Last week, while in Toronto for the ‘Blockchain Futurist Conference’, I had the opportunity to sit down with a few Toronto-based blockchain companies and work through some of the architectural issues that they were dealing with.

Toronto was very humid, if you can’t tell from my shirt

While there were some companies with a pretty firm handle on their tech (Ex: Horizon Games), I found myself gobsmacked at how little some of the better-funded and well-known ventures had invested in their technical architecture. This isn’t too surprising, though, as most of the developers working for these businesses were fresh out of college and had little to no experience building scalable or performant systems.

In fact, one of the developers told me that the rest of the technical team thought of his lack of development experience outside of blockchain as a strength because he had not been sullied by the ‘old way’ of doing things — this was the most absurd thing that I had heard the entire week.

Regarding the technical architecture of these businesses, one of the most glaring problems (at its root) was the conflation of data storage with business logic — this is akin to storing the database in the programs that access and manipulate it. The difficulty with this approach is that it often provides little flexibility for the architecture to grow and evolve over time — and I can’t say that I know of many large systems that were built perfectly the first time.

Note: Some prerequisite CS knowledge is needed to follow through the technical parts of the article. If you’ve used Redux before, this should be a breeze.

In this article, I will be explaining a foundational architecture that I advise to many of the businesses in the space due to its simplicity, modularity, and platform agnosticism. And as an added benefit, the event-sourced design is closely related to Redux, providing familiarity to many existing JavaScript developers.
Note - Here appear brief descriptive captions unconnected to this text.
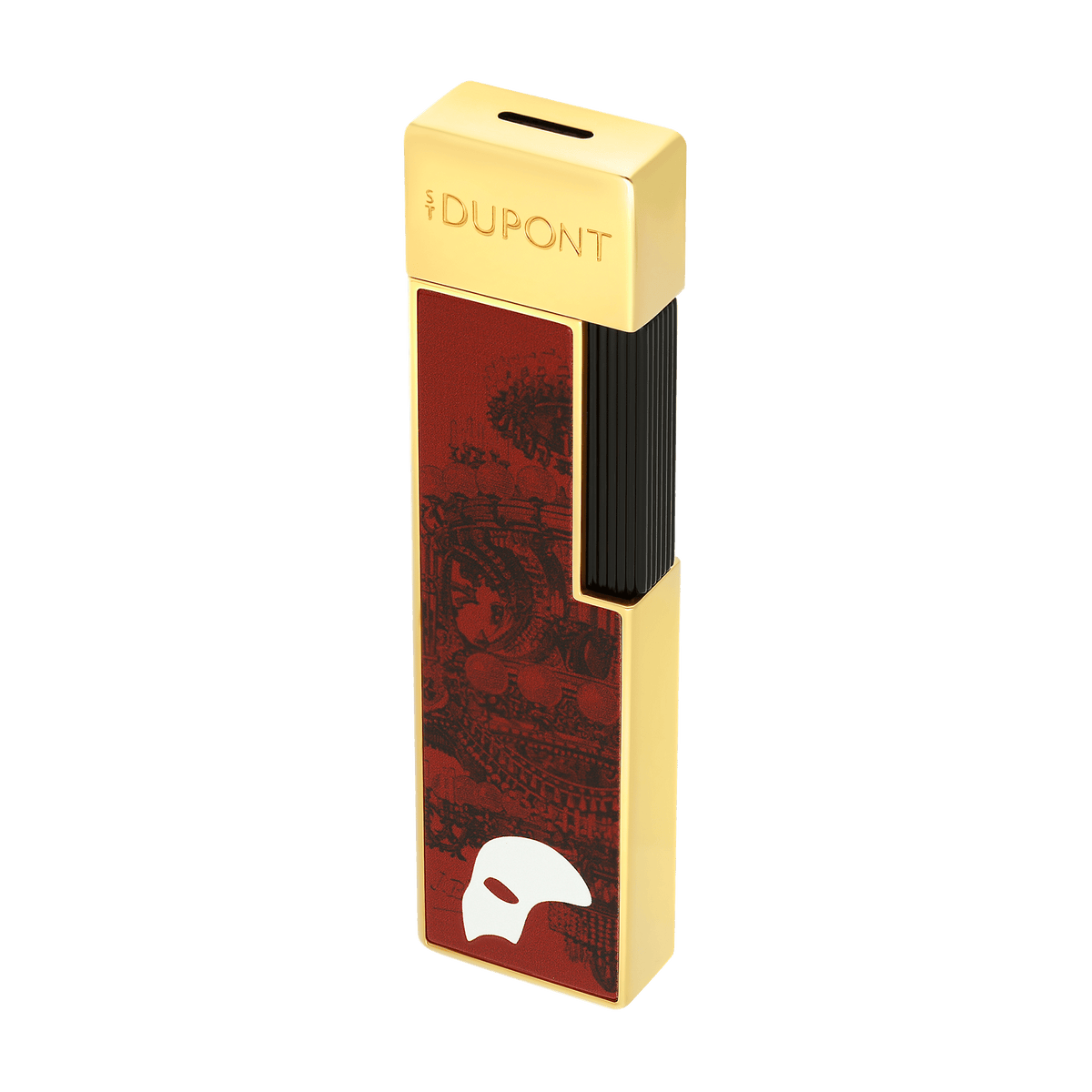 Lackiertes Feuerzeug Collection_Fantome-de-l-opera color_burgundy finition_lacquer 4 - S.T. Dupont Germany
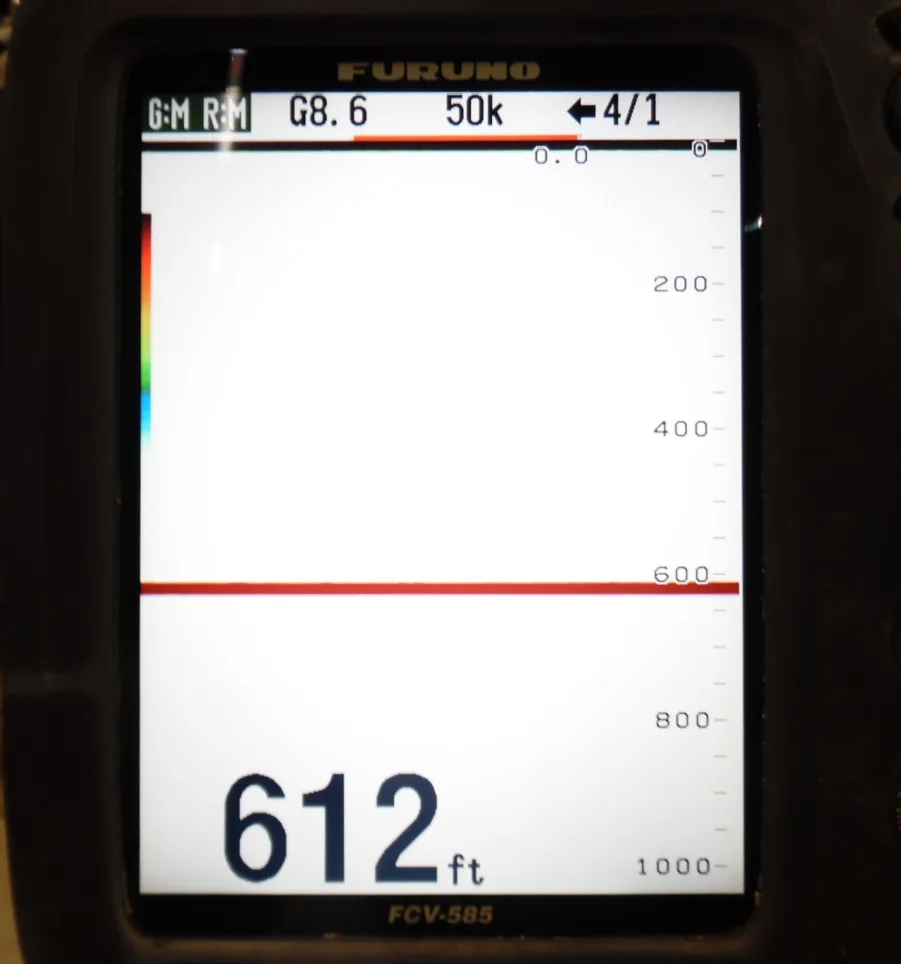 Furuno FCV-585 Color Echo Sounder *Tested!* - Image 2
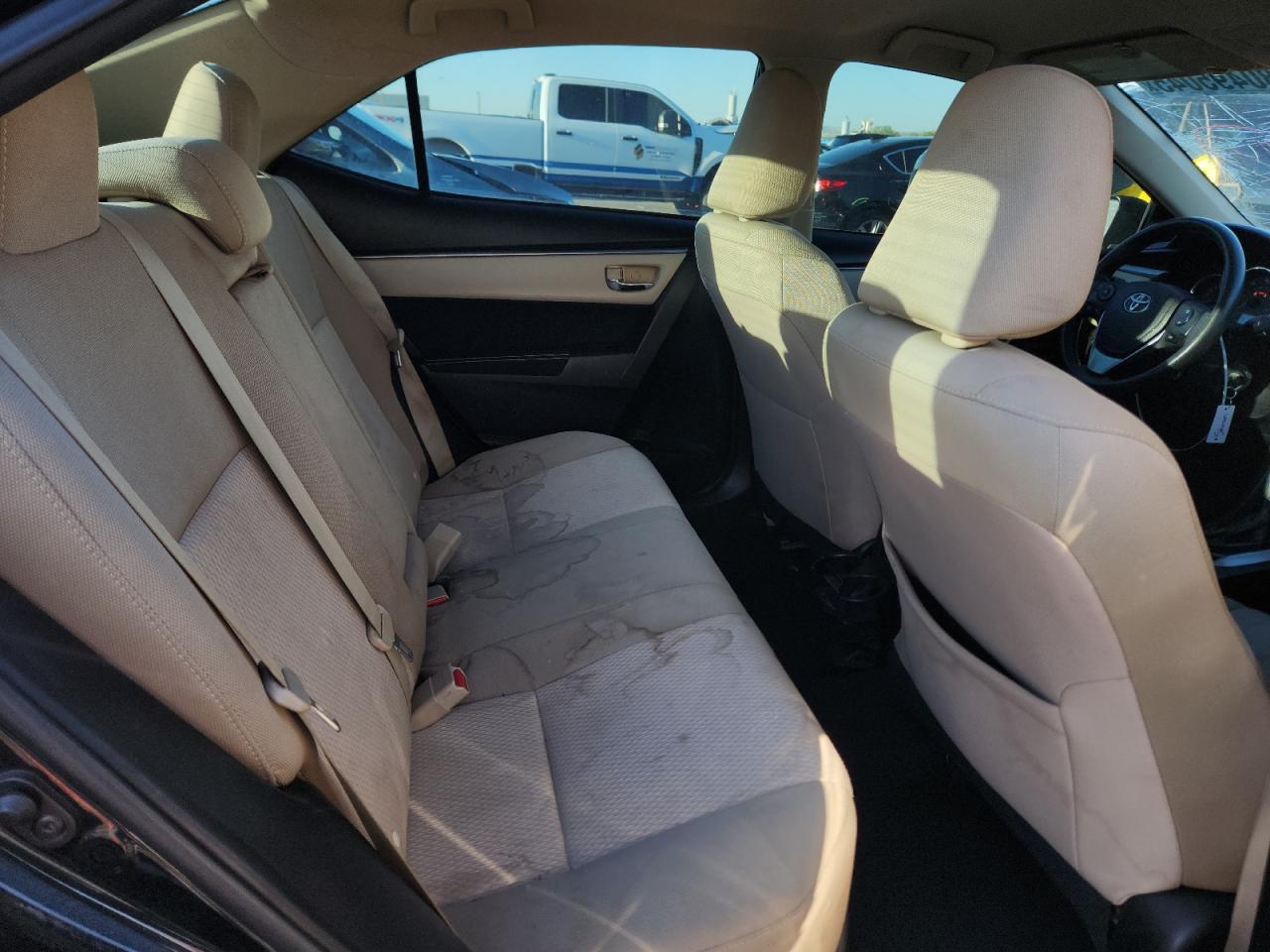 2015 TOYOTA COROLLA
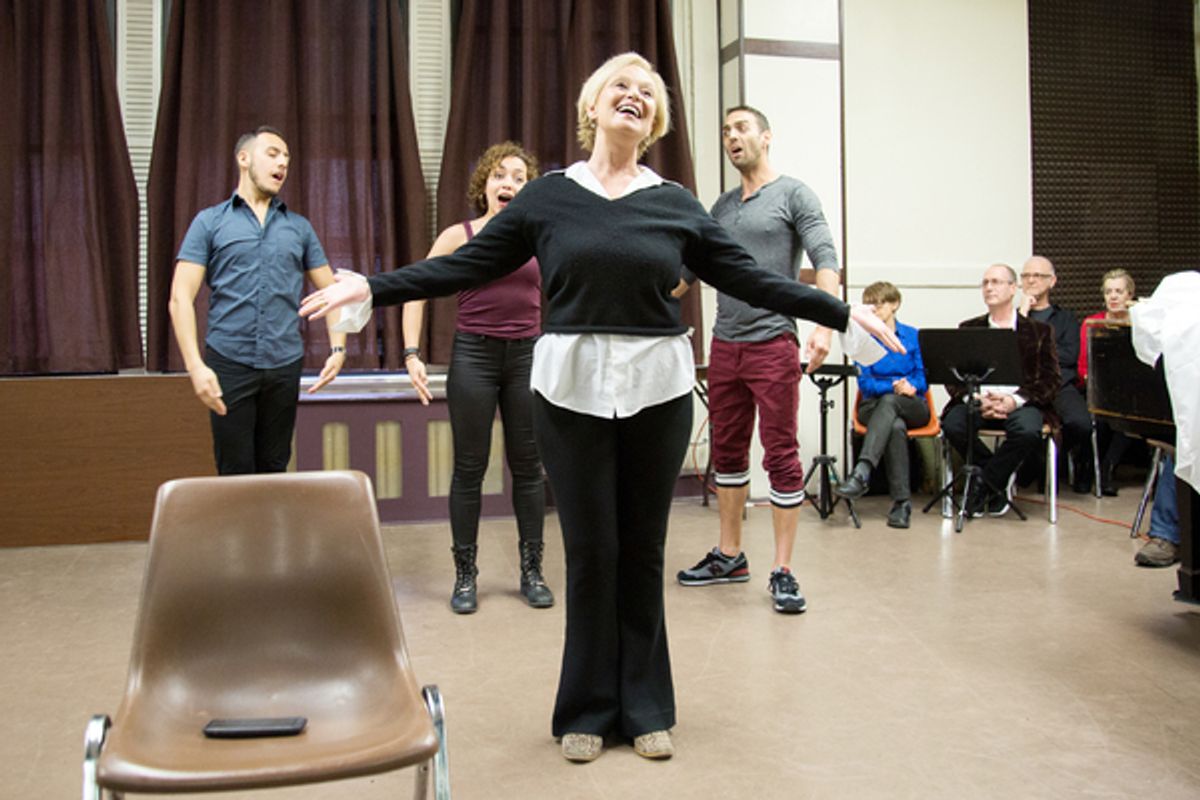 Ben Chavez, Claire Saunders, Robin Skye, Jesse Manocherian at 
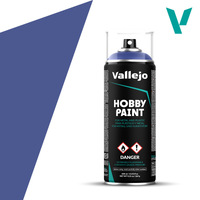 Vallejo Aerosol Ultramarine Blue 400ml Hobby Spray Paint 28017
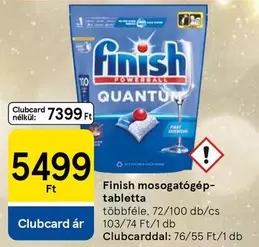 mosogatógép-tabletta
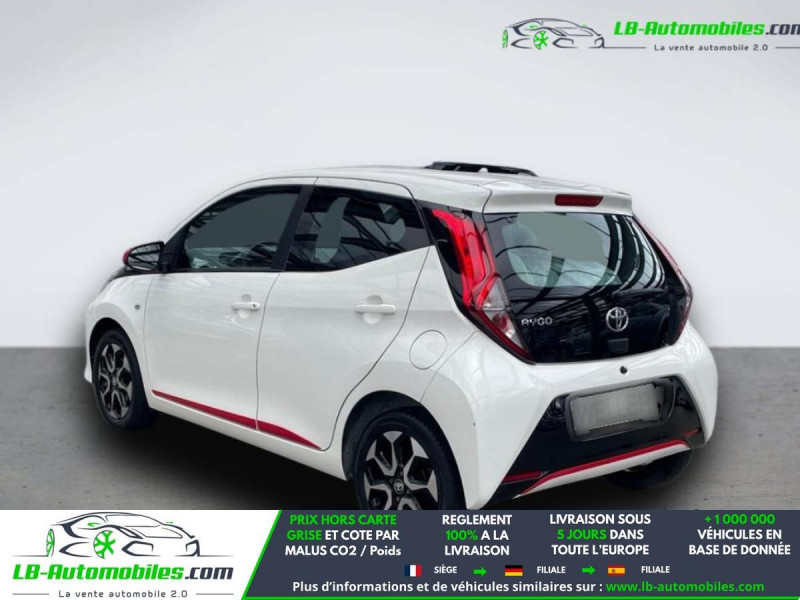 Toyota Aygo 1.0 VVT-i BVA  occasion � Beaupuy - photo n�3
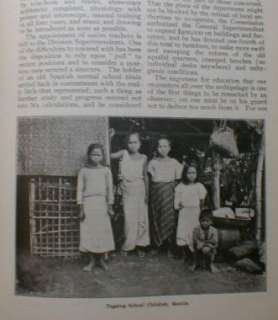 Philippines 1902 Filipino Education  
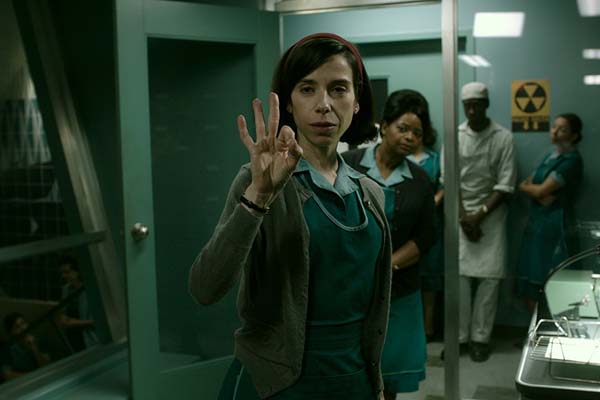 Sally Hawkins dans The Shape of Water (2017)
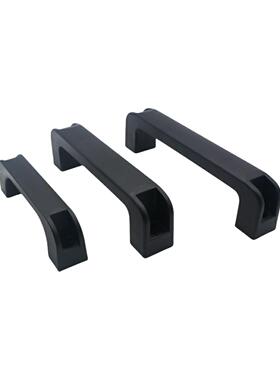 XAB11 XAB12-L120 尼龙方形拉手塑料把手XAC01-L120 XAB31-L122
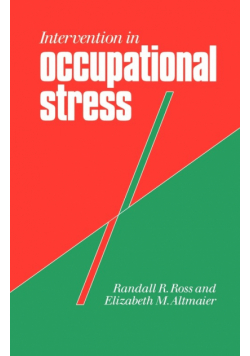 Intervention in Occupational Stress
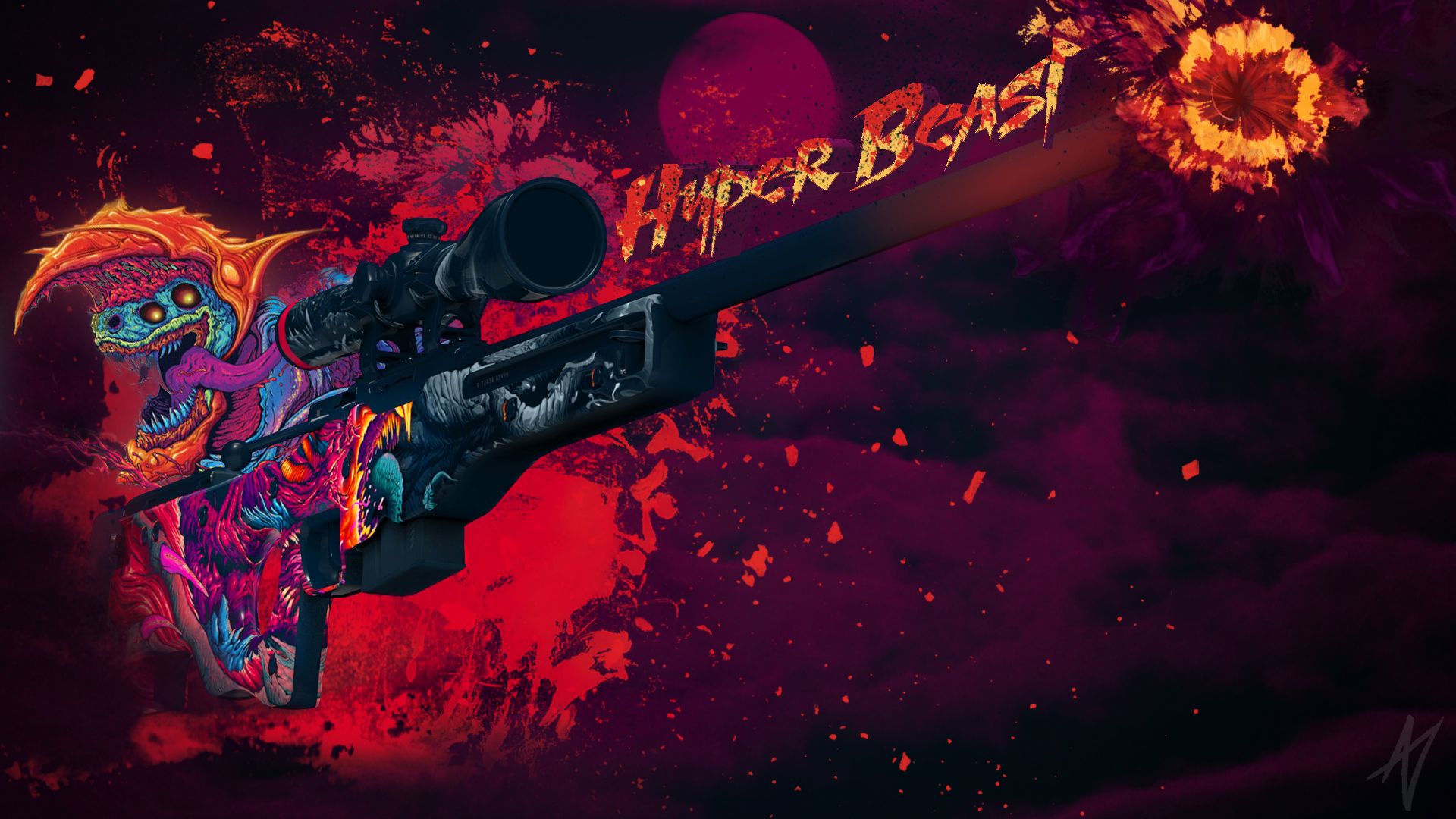 Hyper Beast 1920X1080 Wallpapers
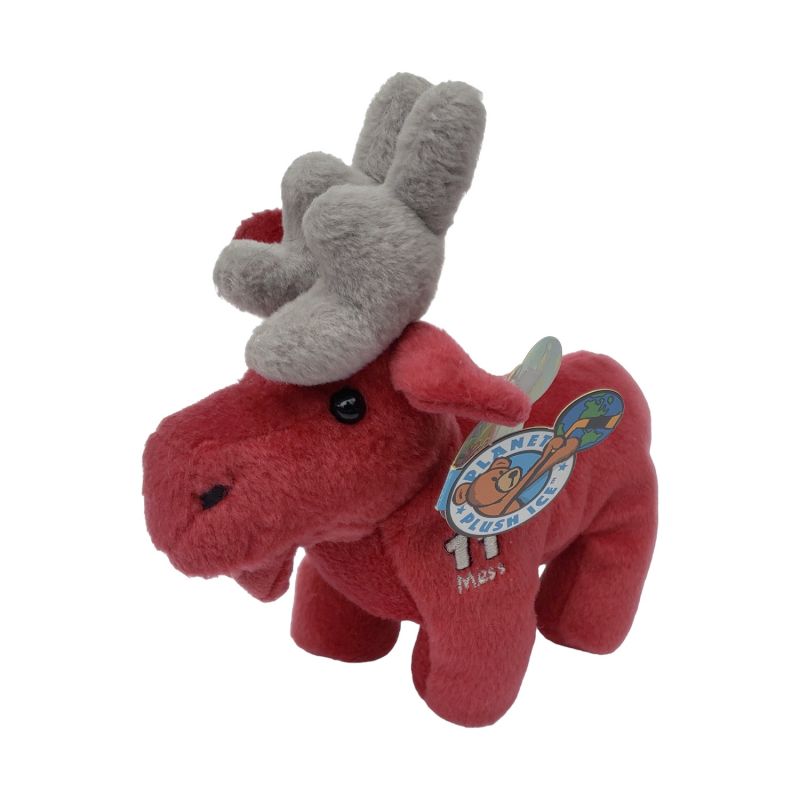 Planet Plush Ice Promo Hockey 11 Mess Moose Mark Messier 6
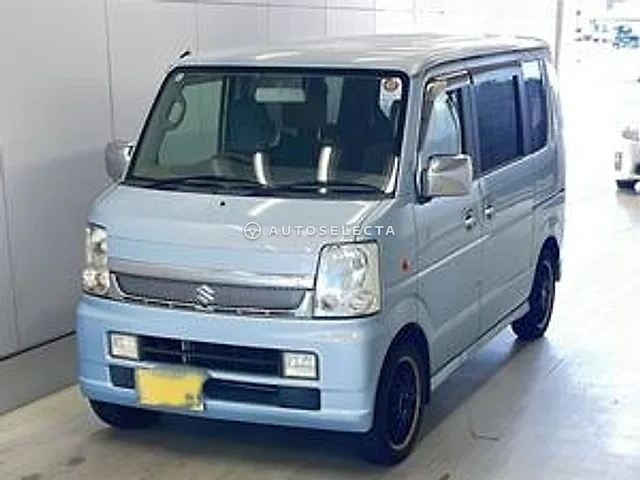Suzuki Every Wagon 2008, auction grade 3.5
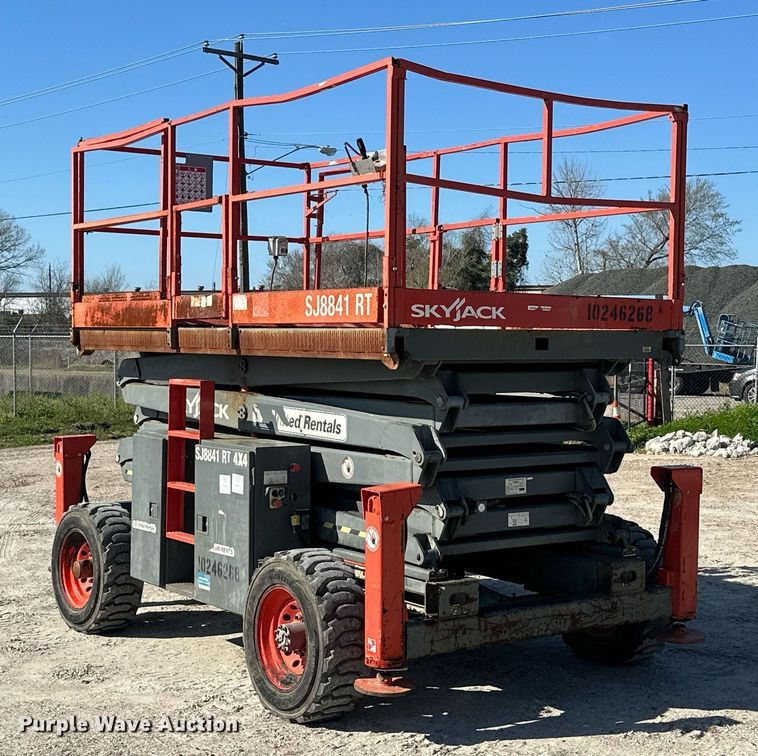 image for item DN7675 2014 Skyjack  SJ8841 scissor lift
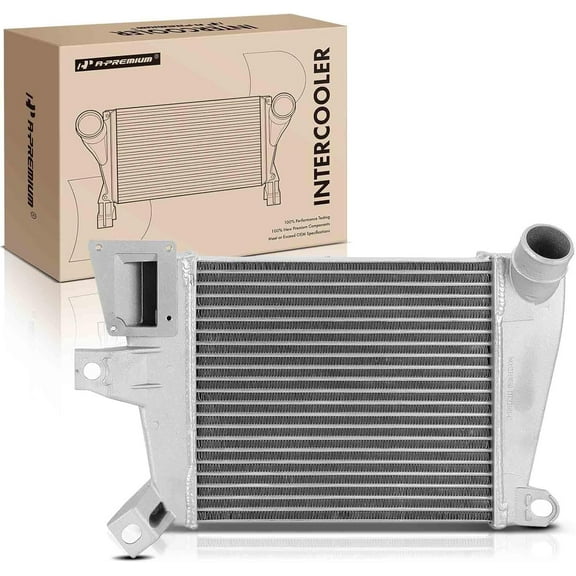 A-Premium Turbo Intercooler Compatible with Mazda 3 2007-2013, 6 2006-2007, CX-7 CX7 2007-2012, 2.3L, Replace# L3K913565C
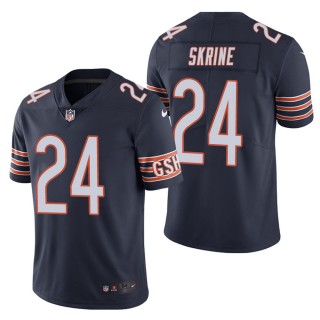 Men's Chicago Bears Buster Skrine Navy Color Rush Limited Jersey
Here is a generalized / high-level diagram of what we will be reviewing:

Simple!

Now, nothing is a silver bullet, but this architecture can likely serve most of the needs you will have building your decentralized applications.

Inspiration

This architecture was developed with the intention of addressing the following problems:

  • Latency (On-chain confirmation time can hinder user experience)
  • Cost (Storing data on Ethereum is expensive)
  • Flexibility / Upgradability (Upgrading smart contracts can be difficult)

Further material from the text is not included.